Re: [Lsf] Postgresql performance problems with IO latency, especially during fsync()

linux-mm.kvack.org archive mirror
 help / color / mirror / Atom feed

From: Andy Lutomirski <luto@amacapital.net>
To: Andres Freund <andres@2ndquadrant.com>
Cc: "linux-mm@kvack.org" <linux-mm@kvack.org>,
	Linux FS Devel <linux-fsdevel@vger.kernel.org>,
	"linux-kernel@vger.kernel.org" <linux-kernel@vger.kernel.org>,
	lsf@lists.linux-foundation.org,
	Wu Fengguang <fengguang.wu@intel.com>,
	rhaas@anarazel.de
Subject: Re: [Lsf] Postgresql performance problems with IO latency, especially during fsync()
Date: Wed, 26 Mar 2014 15:26:19 -0700	[thread overview]
Message-ID: <CALCETrVEjpFpKhY6=CEG-9Prm=uBDLS936imb=+hyWN4fXPjtg@mail.gmail.com> (raw)
In-Reply-To: <20140326215518.GH9066@alap3.anarazel.de>

On Wed, Mar 26, 2014 at 2:55 PM, Andres Freund <andres@2ndquadrant.com> wrote:
> On 2014-03-26 14:41:31 -0700, Andy Lutomirski wrote:
>> On Wed, Mar 26, 2014 at 12:11 PM, Andres Freund <andres@anarazel.de> wrote:
>> > Hi,
>> >
>> > At LSF/MM there was a slot about postgres' problems with the kernel.
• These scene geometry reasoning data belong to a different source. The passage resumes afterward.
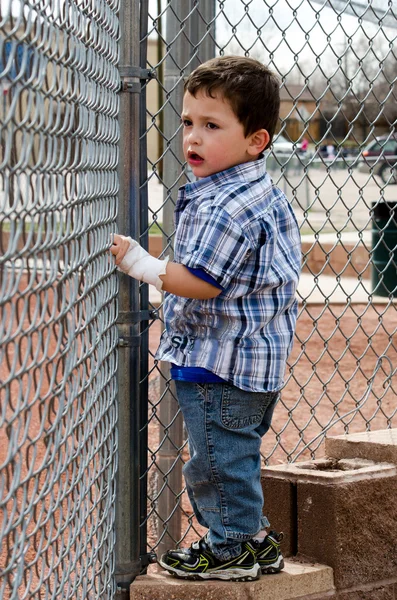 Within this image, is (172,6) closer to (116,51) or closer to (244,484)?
(116,51)

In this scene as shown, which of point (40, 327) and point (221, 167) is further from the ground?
point (221, 167)

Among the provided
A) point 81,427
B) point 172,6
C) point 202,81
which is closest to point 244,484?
point 81,427

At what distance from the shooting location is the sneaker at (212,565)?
2.73 metres

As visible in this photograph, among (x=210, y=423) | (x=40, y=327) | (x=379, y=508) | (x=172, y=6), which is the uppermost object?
(x=172, y=6)

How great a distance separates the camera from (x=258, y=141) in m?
2.62

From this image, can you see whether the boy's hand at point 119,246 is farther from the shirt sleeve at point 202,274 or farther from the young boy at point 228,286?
the shirt sleeve at point 202,274

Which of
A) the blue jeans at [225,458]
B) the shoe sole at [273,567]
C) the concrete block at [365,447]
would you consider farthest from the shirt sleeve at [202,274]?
the concrete block at [365,447]

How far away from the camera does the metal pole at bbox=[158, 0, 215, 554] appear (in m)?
3.12

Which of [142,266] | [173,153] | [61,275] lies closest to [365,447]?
[173,153]

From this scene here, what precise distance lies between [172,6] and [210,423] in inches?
52.8

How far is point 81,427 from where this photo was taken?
2.30 meters

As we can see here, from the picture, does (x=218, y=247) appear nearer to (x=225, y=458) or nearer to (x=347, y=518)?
(x=225, y=458)

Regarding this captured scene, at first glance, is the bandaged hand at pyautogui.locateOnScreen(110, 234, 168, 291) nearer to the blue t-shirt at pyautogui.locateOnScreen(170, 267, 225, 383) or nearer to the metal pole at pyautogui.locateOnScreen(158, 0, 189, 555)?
the blue t-shirt at pyautogui.locateOnScreen(170, 267, 225, 383)

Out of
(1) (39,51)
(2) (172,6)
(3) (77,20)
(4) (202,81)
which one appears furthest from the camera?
(2) (172,6) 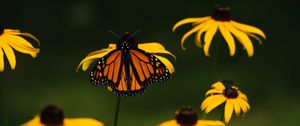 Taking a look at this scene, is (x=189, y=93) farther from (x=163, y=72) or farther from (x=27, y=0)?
(x=163, y=72)

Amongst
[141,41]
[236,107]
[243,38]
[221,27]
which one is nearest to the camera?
[236,107]

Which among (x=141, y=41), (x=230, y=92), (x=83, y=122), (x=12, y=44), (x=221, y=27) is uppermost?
(x=141, y=41)

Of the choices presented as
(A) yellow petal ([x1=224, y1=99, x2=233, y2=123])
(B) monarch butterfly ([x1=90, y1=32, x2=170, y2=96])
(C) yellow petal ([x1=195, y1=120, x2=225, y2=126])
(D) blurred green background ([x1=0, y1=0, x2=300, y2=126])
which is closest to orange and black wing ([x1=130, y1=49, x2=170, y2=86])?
(B) monarch butterfly ([x1=90, y1=32, x2=170, y2=96])

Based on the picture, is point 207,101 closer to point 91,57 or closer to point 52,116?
point 91,57

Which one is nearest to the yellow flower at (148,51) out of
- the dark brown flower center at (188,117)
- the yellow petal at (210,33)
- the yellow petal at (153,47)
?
the yellow petal at (153,47)

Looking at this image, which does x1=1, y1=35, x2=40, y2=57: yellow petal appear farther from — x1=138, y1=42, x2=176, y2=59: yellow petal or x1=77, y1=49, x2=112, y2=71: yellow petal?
x1=138, y1=42, x2=176, y2=59: yellow petal

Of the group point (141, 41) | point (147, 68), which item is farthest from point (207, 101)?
point (141, 41) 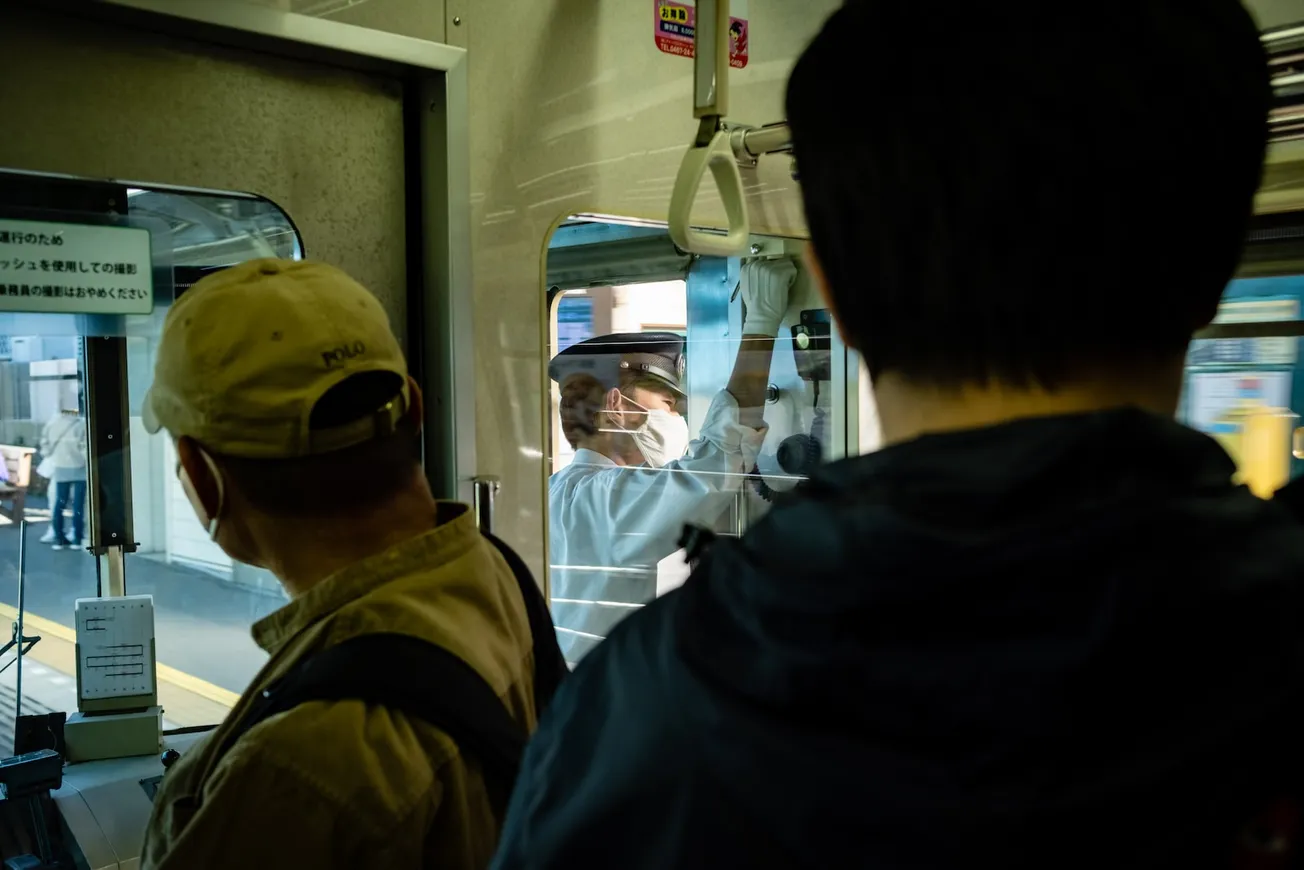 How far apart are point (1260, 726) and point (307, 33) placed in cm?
164

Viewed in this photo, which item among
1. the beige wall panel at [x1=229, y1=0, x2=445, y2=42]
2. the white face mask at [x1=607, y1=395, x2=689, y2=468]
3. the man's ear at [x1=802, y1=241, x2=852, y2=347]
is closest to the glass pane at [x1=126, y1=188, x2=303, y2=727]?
the beige wall panel at [x1=229, y1=0, x2=445, y2=42]

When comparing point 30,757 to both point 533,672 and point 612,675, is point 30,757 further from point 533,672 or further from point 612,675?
point 612,675

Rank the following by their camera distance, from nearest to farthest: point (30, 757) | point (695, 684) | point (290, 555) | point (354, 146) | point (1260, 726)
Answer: point (1260, 726)
point (695, 684)
point (290, 555)
point (30, 757)
point (354, 146)

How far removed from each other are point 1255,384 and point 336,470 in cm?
217

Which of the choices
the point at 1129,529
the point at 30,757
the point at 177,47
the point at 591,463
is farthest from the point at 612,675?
the point at 591,463

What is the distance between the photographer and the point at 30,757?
1.52m

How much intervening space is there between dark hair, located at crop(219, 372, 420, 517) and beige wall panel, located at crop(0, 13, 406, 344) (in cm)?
70

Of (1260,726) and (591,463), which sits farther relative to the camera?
(591,463)

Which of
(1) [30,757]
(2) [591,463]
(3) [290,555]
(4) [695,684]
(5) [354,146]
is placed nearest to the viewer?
(4) [695,684]

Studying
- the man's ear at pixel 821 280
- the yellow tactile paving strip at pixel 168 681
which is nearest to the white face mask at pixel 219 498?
the yellow tactile paving strip at pixel 168 681

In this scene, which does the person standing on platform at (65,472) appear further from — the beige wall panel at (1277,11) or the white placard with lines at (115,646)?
the beige wall panel at (1277,11)

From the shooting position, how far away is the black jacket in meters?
0.45

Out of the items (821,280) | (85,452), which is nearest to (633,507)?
(85,452)

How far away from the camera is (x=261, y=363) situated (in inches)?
42.3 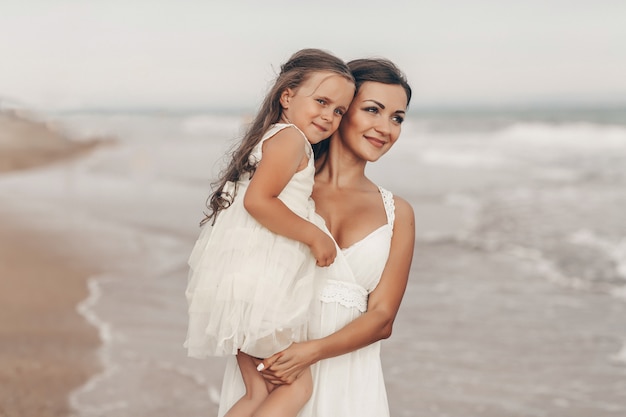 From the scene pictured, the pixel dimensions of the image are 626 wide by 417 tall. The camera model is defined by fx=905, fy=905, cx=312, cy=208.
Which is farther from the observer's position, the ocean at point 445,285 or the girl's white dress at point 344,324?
the ocean at point 445,285

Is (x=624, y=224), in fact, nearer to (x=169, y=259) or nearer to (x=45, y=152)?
(x=169, y=259)

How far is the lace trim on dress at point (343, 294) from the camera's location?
9.59ft

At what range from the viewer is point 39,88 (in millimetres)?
21672

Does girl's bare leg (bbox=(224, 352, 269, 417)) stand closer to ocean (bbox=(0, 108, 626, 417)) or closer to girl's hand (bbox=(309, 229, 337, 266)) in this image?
A: girl's hand (bbox=(309, 229, 337, 266))

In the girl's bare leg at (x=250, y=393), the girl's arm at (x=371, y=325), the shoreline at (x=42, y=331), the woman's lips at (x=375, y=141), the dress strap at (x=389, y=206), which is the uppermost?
the woman's lips at (x=375, y=141)

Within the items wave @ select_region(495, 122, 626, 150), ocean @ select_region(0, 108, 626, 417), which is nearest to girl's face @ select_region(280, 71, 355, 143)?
ocean @ select_region(0, 108, 626, 417)

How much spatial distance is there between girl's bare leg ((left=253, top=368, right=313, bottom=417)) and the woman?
5.9 inches

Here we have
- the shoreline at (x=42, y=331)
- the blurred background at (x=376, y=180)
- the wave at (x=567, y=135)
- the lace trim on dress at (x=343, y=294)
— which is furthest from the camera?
the wave at (x=567, y=135)

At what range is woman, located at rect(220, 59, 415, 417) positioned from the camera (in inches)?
115

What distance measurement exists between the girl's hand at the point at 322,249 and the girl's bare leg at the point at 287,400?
0.35 meters

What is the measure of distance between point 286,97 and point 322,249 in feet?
1.80

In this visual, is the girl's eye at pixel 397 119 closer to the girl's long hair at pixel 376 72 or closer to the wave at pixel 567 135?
the girl's long hair at pixel 376 72

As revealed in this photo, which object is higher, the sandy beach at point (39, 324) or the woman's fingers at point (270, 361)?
the woman's fingers at point (270, 361)

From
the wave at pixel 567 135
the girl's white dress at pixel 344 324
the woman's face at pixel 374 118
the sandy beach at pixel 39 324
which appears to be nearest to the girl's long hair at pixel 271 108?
the woman's face at pixel 374 118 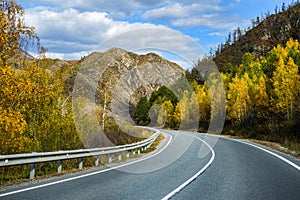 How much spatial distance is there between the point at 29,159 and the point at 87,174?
6.45 feet

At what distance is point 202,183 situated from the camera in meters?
8.37

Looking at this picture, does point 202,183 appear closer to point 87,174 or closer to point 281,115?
point 87,174

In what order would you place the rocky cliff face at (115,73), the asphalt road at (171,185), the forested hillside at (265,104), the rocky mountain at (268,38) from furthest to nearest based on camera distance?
1. the rocky mountain at (268,38)
2. the forested hillside at (265,104)
3. the rocky cliff face at (115,73)
4. the asphalt road at (171,185)

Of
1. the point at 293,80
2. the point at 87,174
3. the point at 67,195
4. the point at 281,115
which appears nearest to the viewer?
the point at 67,195

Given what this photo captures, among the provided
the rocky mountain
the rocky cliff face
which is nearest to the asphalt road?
the rocky cliff face

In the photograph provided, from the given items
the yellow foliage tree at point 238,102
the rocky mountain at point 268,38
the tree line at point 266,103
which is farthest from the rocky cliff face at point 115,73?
the rocky mountain at point 268,38

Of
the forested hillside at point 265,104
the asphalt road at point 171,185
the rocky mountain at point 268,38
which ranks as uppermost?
the rocky mountain at point 268,38

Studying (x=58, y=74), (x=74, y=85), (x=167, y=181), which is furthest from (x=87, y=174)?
(x=74, y=85)

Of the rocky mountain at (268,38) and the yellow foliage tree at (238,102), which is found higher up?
the rocky mountain at (268,38)

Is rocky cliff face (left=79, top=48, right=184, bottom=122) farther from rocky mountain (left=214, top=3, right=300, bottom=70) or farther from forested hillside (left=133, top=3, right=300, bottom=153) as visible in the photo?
rocky mountain (left=214, top=3, right=300, bottom=70)

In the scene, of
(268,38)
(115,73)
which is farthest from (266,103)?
(268,38)

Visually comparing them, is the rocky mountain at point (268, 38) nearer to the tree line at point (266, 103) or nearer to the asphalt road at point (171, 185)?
the tree line at point (266, 103)

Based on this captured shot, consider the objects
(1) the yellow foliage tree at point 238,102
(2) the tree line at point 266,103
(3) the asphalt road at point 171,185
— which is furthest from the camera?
(1) the yellow foliage tree at point 238,102

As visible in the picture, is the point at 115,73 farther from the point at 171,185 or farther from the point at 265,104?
the point at 171,185
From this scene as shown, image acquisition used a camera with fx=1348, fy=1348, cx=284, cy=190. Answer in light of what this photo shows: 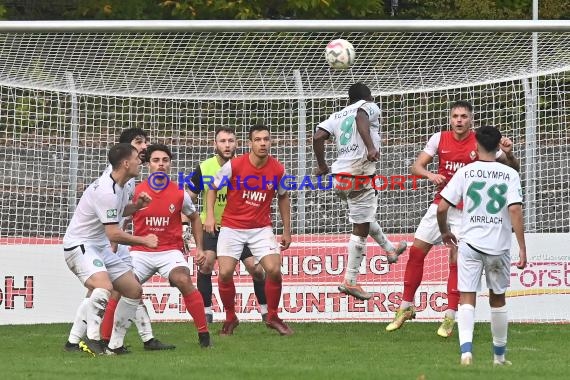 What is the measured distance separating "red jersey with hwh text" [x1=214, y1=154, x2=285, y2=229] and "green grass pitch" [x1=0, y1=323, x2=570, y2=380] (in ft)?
3.94

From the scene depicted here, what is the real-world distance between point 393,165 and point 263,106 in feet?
5.81

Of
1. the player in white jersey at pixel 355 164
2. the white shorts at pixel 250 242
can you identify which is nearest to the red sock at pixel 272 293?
the white shorts at pixel 250 242

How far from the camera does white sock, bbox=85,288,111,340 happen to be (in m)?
11.8

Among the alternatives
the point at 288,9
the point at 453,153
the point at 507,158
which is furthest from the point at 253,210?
the point at 288,9

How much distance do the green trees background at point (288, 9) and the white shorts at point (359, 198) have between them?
1000cm

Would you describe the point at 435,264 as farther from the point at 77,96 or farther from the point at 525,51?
the point at 77,96

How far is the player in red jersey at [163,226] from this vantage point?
1248 cm

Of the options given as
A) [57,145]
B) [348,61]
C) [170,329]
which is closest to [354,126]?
[348,61]

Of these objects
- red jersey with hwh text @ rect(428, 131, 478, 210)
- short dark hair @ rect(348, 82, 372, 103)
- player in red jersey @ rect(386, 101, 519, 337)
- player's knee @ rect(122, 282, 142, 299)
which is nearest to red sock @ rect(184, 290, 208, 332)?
player's knee @ rect(122, 282, 142, 299)

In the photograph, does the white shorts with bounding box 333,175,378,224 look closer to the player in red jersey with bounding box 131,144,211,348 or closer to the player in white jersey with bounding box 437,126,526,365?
the player in red jersey with bounding box 131,144,211,348

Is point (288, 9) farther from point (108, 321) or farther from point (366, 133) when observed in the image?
point (108, 321)

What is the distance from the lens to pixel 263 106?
1664 cm

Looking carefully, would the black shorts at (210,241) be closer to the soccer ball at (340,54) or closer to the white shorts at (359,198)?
the white shorts at (359,198)

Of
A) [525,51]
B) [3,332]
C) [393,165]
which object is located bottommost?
[3,332] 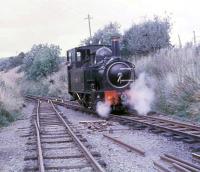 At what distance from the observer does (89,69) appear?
19297mm

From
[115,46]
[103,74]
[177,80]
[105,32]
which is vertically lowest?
[177,80]

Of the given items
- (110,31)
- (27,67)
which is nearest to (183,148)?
(110,31)

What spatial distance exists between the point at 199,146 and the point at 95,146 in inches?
93.0

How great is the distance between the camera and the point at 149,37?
31.9m

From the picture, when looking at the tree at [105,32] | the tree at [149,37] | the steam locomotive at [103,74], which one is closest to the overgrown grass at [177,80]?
the steam locomotive at [103,74]

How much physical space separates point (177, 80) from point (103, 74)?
2967mm

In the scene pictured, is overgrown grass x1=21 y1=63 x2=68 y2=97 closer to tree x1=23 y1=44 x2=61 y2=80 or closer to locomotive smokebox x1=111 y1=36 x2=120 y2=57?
tree x1=23 y1=44 x2=61 y2=80

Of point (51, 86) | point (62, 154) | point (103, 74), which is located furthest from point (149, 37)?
point (62, 154)

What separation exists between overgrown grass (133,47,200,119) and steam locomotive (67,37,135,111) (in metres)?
1.69

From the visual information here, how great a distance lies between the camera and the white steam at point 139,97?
1817cm

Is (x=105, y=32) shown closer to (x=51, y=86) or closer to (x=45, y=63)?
(x=51, y=86)

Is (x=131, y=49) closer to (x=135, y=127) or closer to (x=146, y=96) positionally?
(x=146, y=96)

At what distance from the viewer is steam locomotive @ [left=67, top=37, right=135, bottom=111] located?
17.9 m

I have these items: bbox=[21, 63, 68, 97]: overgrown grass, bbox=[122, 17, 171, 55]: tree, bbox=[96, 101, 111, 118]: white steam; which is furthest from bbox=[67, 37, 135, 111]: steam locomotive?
bbox=[21, 63, 68, 97]: overgrown grass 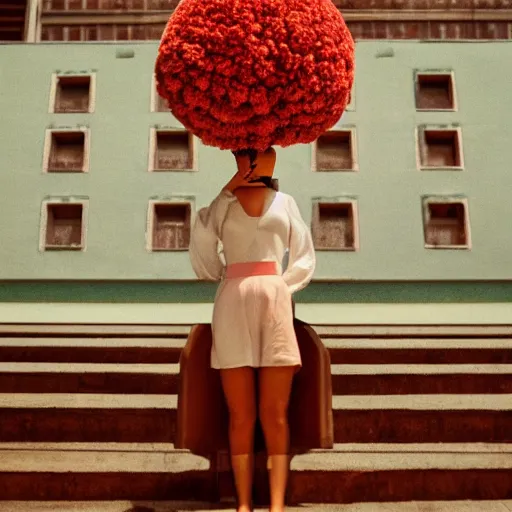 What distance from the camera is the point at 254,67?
1.91 meters

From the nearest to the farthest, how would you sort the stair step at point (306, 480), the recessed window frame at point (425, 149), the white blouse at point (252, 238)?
1. the white blouse at point (252, 238)
2. the stair step at point (306, 480)
3. the recessed window frame at point (425, 149)

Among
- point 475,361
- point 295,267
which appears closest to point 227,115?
point 295,267

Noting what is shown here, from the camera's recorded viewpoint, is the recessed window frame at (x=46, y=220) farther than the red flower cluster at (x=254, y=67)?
Yes

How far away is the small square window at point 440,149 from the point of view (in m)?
5.03

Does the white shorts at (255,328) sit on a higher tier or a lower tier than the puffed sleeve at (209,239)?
lower

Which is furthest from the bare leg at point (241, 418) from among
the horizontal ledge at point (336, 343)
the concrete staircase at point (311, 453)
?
the horizontal ledge at point (336, 343)

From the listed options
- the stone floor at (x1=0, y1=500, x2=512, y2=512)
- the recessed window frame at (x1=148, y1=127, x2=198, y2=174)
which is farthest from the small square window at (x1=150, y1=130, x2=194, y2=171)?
the stone floor at (x1=0, y1=500, x2=512, y2=512)

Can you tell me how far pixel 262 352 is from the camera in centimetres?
Answer: 210

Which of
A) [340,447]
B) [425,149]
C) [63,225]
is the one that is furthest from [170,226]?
[340,447]

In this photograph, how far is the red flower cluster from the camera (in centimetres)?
192

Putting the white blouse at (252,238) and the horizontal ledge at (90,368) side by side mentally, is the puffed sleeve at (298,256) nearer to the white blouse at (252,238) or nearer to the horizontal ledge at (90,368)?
the white blouse at (252,238)

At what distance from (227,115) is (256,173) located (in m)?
0.28

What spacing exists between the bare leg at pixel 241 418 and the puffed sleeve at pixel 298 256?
0.35 metres

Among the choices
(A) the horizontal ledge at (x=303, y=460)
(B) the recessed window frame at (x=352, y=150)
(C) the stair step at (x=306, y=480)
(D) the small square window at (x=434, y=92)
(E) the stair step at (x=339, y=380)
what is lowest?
(C) the stair step at (x=306, y=480)
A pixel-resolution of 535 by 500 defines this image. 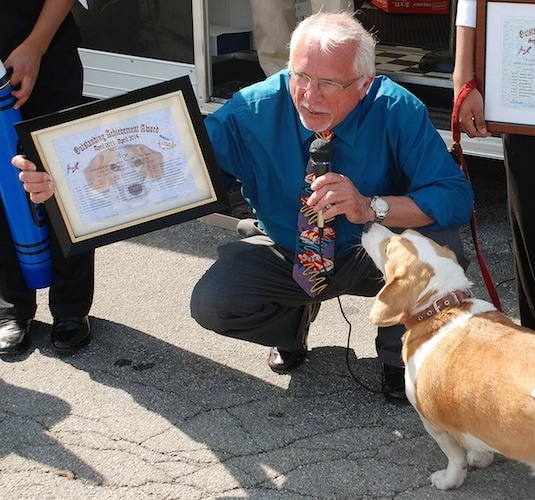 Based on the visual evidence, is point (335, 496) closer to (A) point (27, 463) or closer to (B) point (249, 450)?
(B) point (249, 450)

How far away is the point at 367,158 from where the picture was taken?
3293mm

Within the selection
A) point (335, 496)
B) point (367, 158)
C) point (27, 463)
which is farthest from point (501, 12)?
point (27, 463)

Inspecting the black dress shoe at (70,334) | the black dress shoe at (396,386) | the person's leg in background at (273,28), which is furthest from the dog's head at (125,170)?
the person's leg in background at (273,28)

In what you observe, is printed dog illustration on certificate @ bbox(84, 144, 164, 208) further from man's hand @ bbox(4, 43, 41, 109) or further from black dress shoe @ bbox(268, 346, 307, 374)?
black dress shoe @ bbox(268, 346, 307, 374)

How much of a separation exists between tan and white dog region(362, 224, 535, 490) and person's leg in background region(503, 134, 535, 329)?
0.41 m

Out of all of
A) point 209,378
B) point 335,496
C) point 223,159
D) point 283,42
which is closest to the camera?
point 335,496

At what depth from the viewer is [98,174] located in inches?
128

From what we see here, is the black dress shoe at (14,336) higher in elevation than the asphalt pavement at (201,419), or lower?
higher

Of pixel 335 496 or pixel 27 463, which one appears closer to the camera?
pixel 335 496

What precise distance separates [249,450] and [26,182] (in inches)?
48.2

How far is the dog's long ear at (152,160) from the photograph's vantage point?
3.24 meters

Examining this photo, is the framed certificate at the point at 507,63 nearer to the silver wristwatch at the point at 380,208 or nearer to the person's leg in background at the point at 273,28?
the silver wristwatch at the point at 380,208

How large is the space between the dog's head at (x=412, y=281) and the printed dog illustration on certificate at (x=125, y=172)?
3.01ft

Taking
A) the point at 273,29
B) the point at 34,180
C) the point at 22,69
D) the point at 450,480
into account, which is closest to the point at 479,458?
the point at 450,480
Our
>> > top#1 concern is frequent slow read()s that happen while another process
>> > calls fsync(), even though we'd be perfectly fine if that fsync() took
>> > ages.
>> > The "conclusion" of that part was that it'd be very useful to have a
>> > demonstration of the problem without needing a full blown postgres
>> > setup. I've quickly hacked something together, that seems to show the
>> > problem nicely.
>> >
>> > For a bit of context: lwn.net/SubscriberLink/591723/940134eb57fcc0b8/
>> > and the "IO Scheduling" bit in
>> > http://archives.postgresql.org/message-id/20140310101537.GC10663%40suse.de
>> >
>>
>> For your amusement: running this program in KVM on a 2GB disk image
>> failed, but it caused the *host* to go out to lunch for several
>> seconds while failing.  In fact, it seems to have caused the host to
>> fall over so badly that the guest decided that the disk controller was
>> timing out.  The host is btrfs, and I think that btrfs is *really* bad
>> at this kind of workload.
>
> Also, unless you changed the parameters, it's a) using a 48GB disk file,
> and writes really rather fast ;)
>
>> Even using ext4 is no good.  I think that dm-crypt is dying under the
>> load.  So I won't test your program for real :/
>
> Try to reduce data_size to RAM * 2, NUM_RANDOM_READERS to something
> smaller. If it still doesn't work consider increasing the two nsleep()s...
>
> I didn't have a good idea how to scale those to the current machine in a
> halfway automatic fashion.

OK, I think I'm getting reasonable bad behavior with these qemu options:

-smp 2 -cpu host -m 600 -drive file=/var/lutotmp/test.img,cache=none

and a 2GB test partition.

>
>> > Possible solutions:
>> > * Add a fadvise(UNDIRTY), that doesn't stall on a full IO queue like
>> >   sync_file_range() does.
>> > * Make IO triggered by writeback regard IO priorities and add it to
>> >   schedulers other than CFQ
>> > * Add a tunable that allows limiting the amount of dirty memory before
>> >   writeback on a per process basis.
>> > * ...?
>>
>> I thought the problem wasn't so much that priorities weren't respected
>> but that the fsync call fills up the queue, so everything starts
>> contending for the right to enqueue a new request.
>
> I think it's both actually. If I understand correctly there's not even a
> correct association to the originator anymore during a fsync triggered
> flush?
>
>> Since fsync blocks until all of its IO finishes anyway, what if it
>> could just limit itself to a much smaller number of outstanding
>> requests?
>
> Yea, that could already help. If you remove the fsync()s, the problem
> will periodically appear anyway, because writeback is triggered with
> vengeance. That'd need to be fixed in a similar way.
>
>> I'm not sure I understand the request queue stuff, but here's an idea.
>>  The block core contains this little bit of code:
>
> I haven't read enough of the code yet, to comment intelligently ;)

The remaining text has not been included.